I'm not sure how useful my contribution is on this because I didn't go to university and neither of my children did. However, my son has been in the same company now for 17 years, is well paid and enjoys his work. My daughter had no interest in formal education but is knowledgeable and creative and although she is by no means well off, she has forged a path with which she is content. University isn't the be all and end all of everything. As you will have read in the previous posts, many people lead happy and satisfying lives without finishing - or even starting - university, and some people who get degrees find it does not necessarily guarantee happiness.
I suppose the issue for your daughter is that she started at university and now feels a failure that she was unable to continue. You are naturally concerned but I think it is important that you don't convey to her any sense of anxiety about what has happened. I think that as long as you don't see this as a disaster (which it isn't) and remain cheerful and positive, hopefully in time she will come to realise that there will be other opportunities for her out there somewhere.

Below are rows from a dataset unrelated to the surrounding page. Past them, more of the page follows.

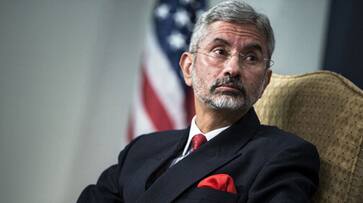 Modi surprise, Former Foreign Secretary Jaishankar Secures Cabinet Berth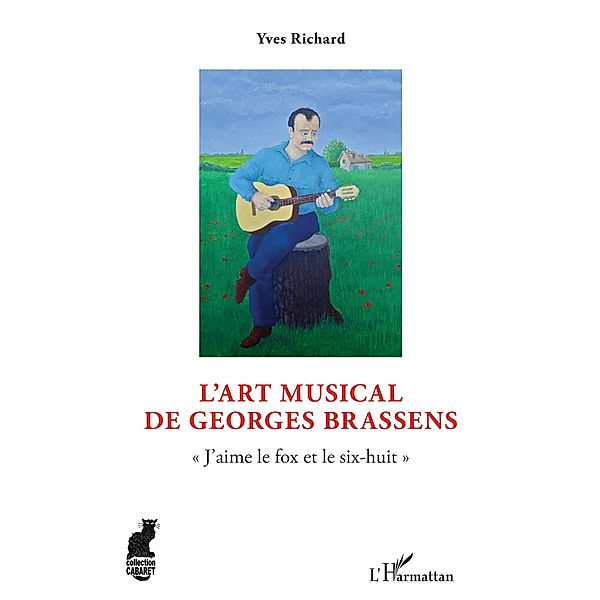 L'art musical de Georges Brassens, Richard Yves Richard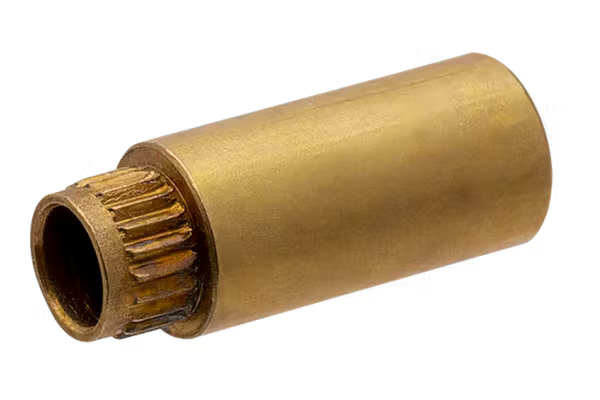 MW Components 不锈钢压缩弹簧 Y67414RS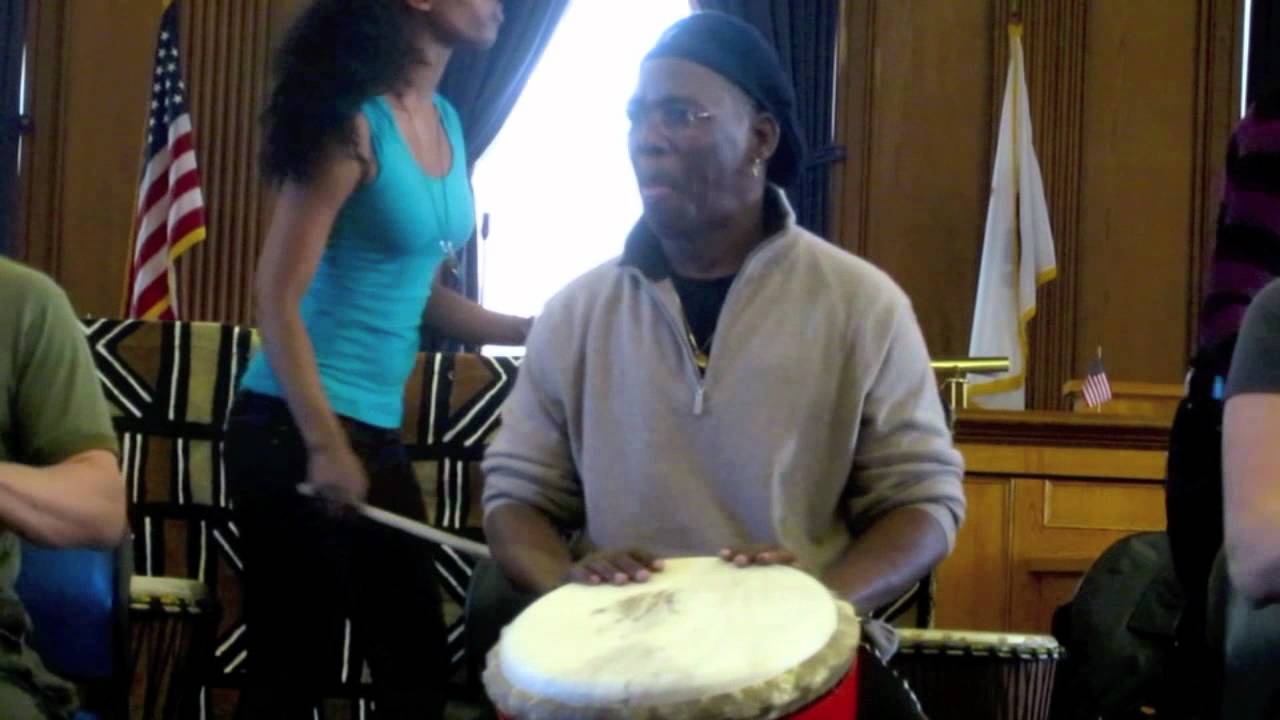 Watch Mamady Keita 2012 Boston - DrumConnecton - Djagbe on YouTube Watch Mamady Keita 2012 Boston - DrumConnecton - Djagbe on YouTube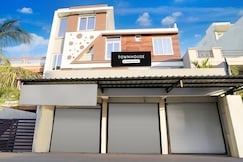 Townhouse Rajendra Nagar Main Road, Indore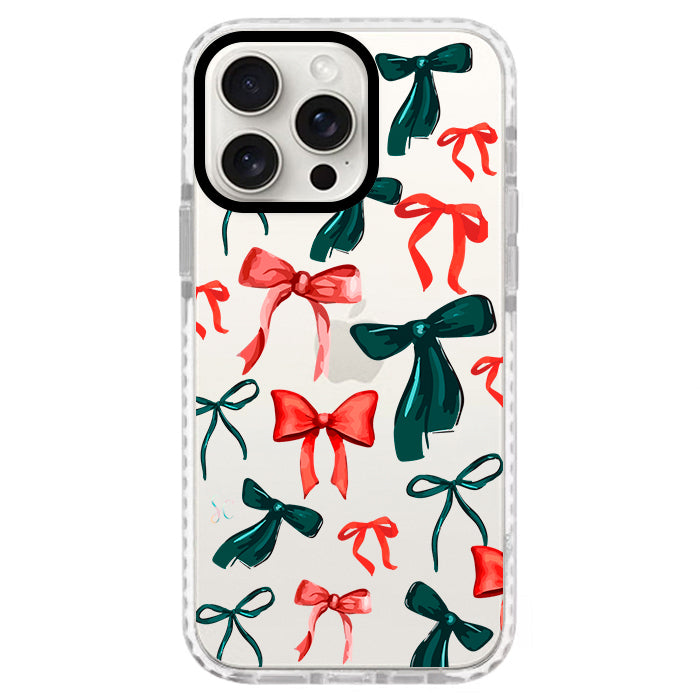 Case Celular Navidad 5 - iPhone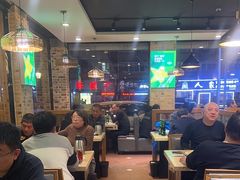 -禾记海鲜烧烤(八一路店)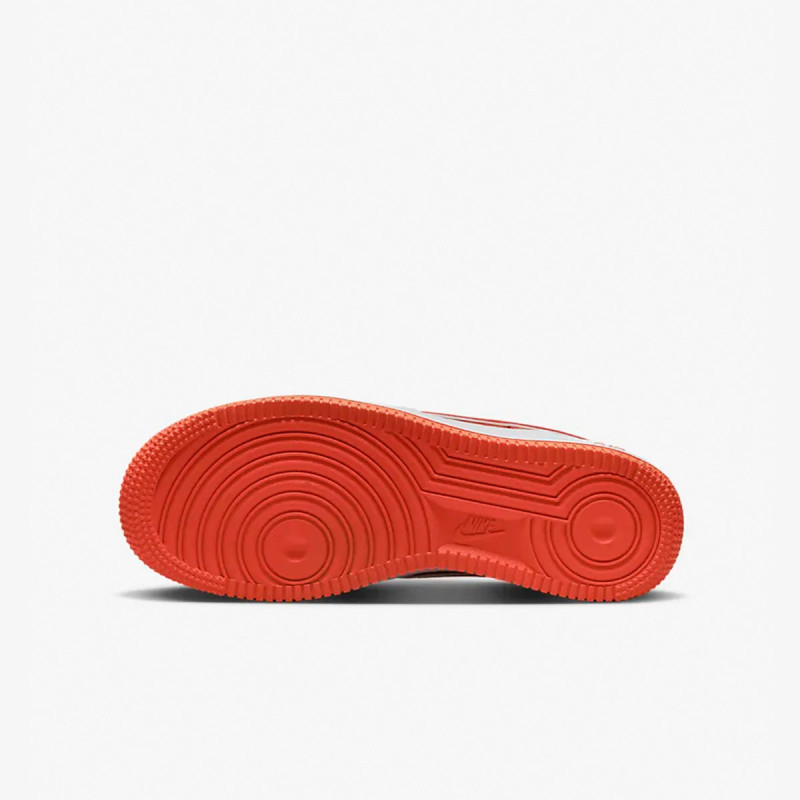 NIKE Спортни обувки Air Force 1 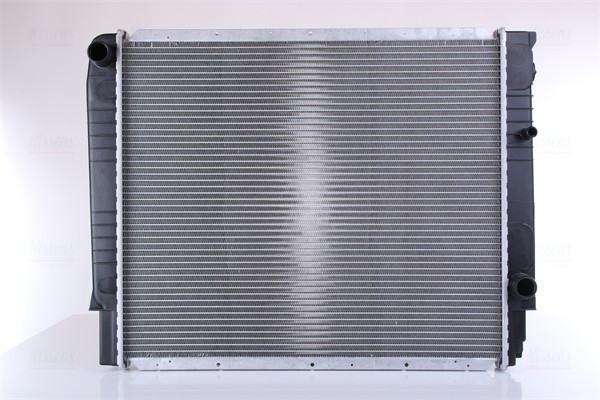 NISSENS-OE 65531A Radiator, engine cooling for VOLVO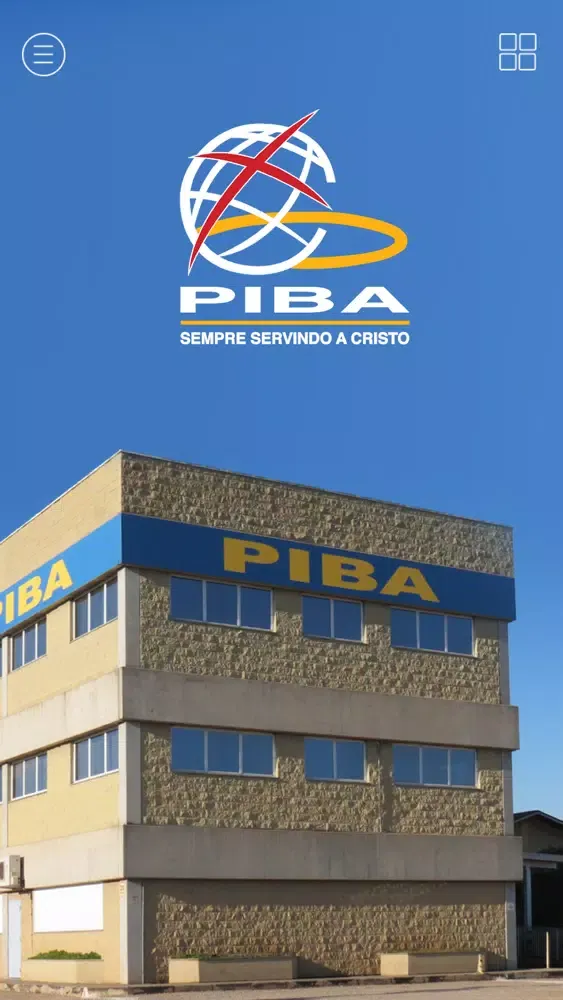 Zrzuty ekranu PIBA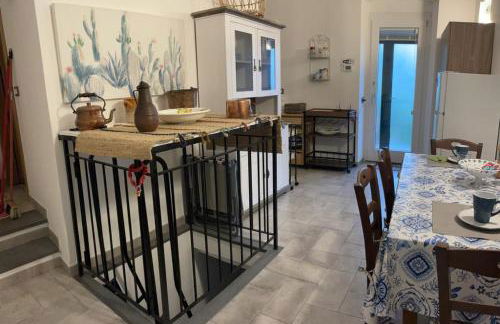 Trebiano a casa dei nonni - Foto 20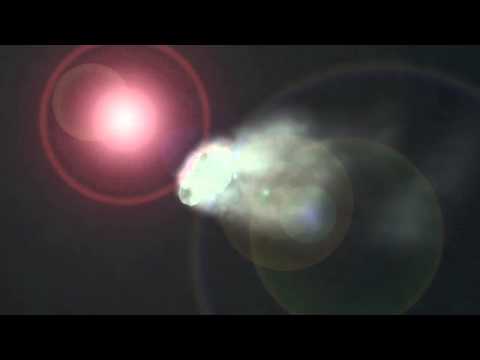 How The Sun Cooks Comets | Video - UCVTomc35agH1SM6kCKzwW_g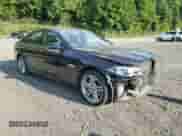 2015 BMW 5 Series 550i xDrive с VIN WBAKP9C50FD693800, выставлен на аукционе Copart как лот 65904165 с пробегом 91 408 миль миль и Списание • Salvage title. История ставок и продаж доступна на DreamBid. Изображение 4.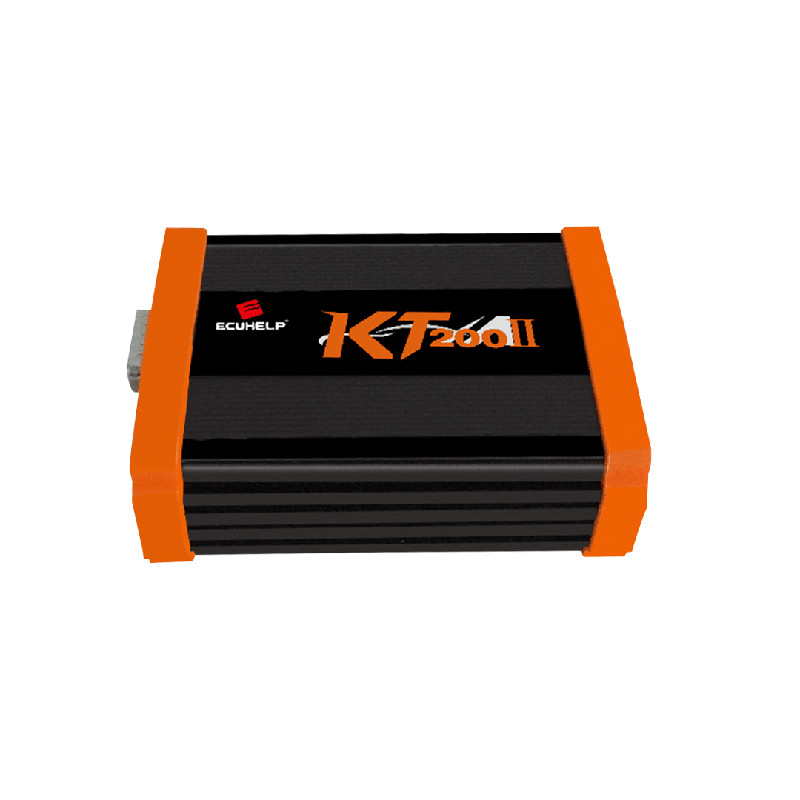 KT200二代编程器KT200IIECU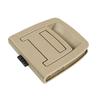 Trunk Boot Floor Mat Handle for BMW X5 E70 E71 X6 2006 2013 Rear Cargo Lid Replacement Part with Keyless and Keyhole Features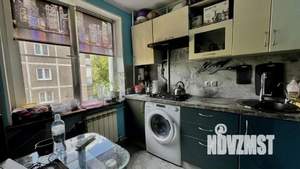 1-к квартира, вторичка, 31м2, 3/5 этаж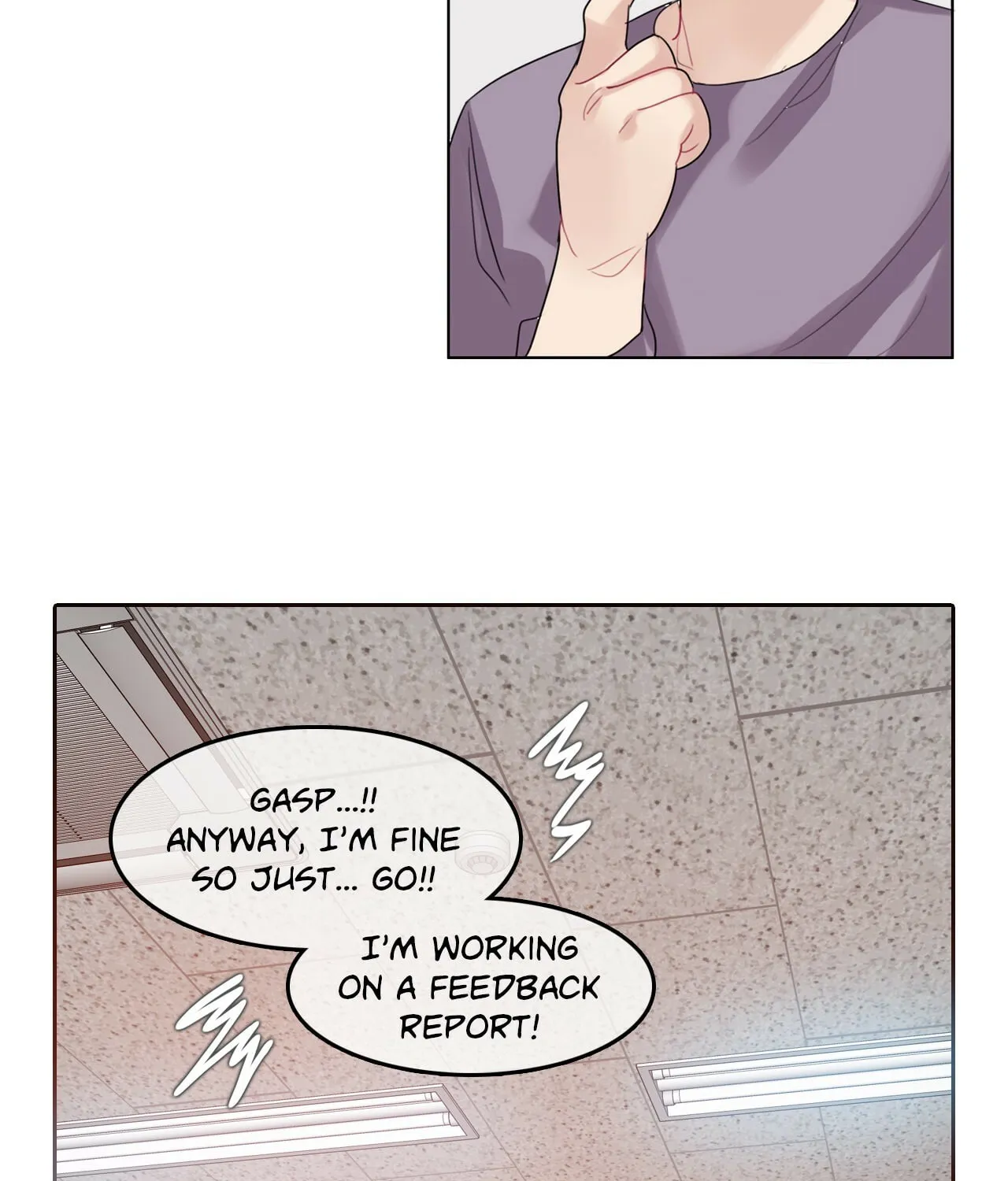 A Pervert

I don't know what your daughter was studying at university but for the time being she might find it liberating to do something just for pure interest and enjoyment or to learn a skill, rather than to acquire a qualification. It's important to have interests and goals but they don't necessarily have to be tied up with formal qualifications - at least not at this point. I have read about people who have almost by accident found something that interests them and have gone on to develop skills that have led to career opportunities. Also, as someone else said, OU might be another option. I started work at 17 but in later years did a foundation course and several modules. I found the whole experience very enjoyable and the learning material and tutor support were excellent. There is more flexibility and less pressure when you can build up learning (and, if you want, qualifications) over a longer period of time.
I do hope that she gradually starts to relax and feel more positive about the future. It will take a little time but I'm sure, with your love and care, things will soon look brighter.
(When you say you sent two e-mails, I assume you mean to the university. I think, as Mishap said, the Office of the Independent Adjudicator is probably who you should take the matter to, particularly as you did not receive the courtesy of a reply to your e-mails.)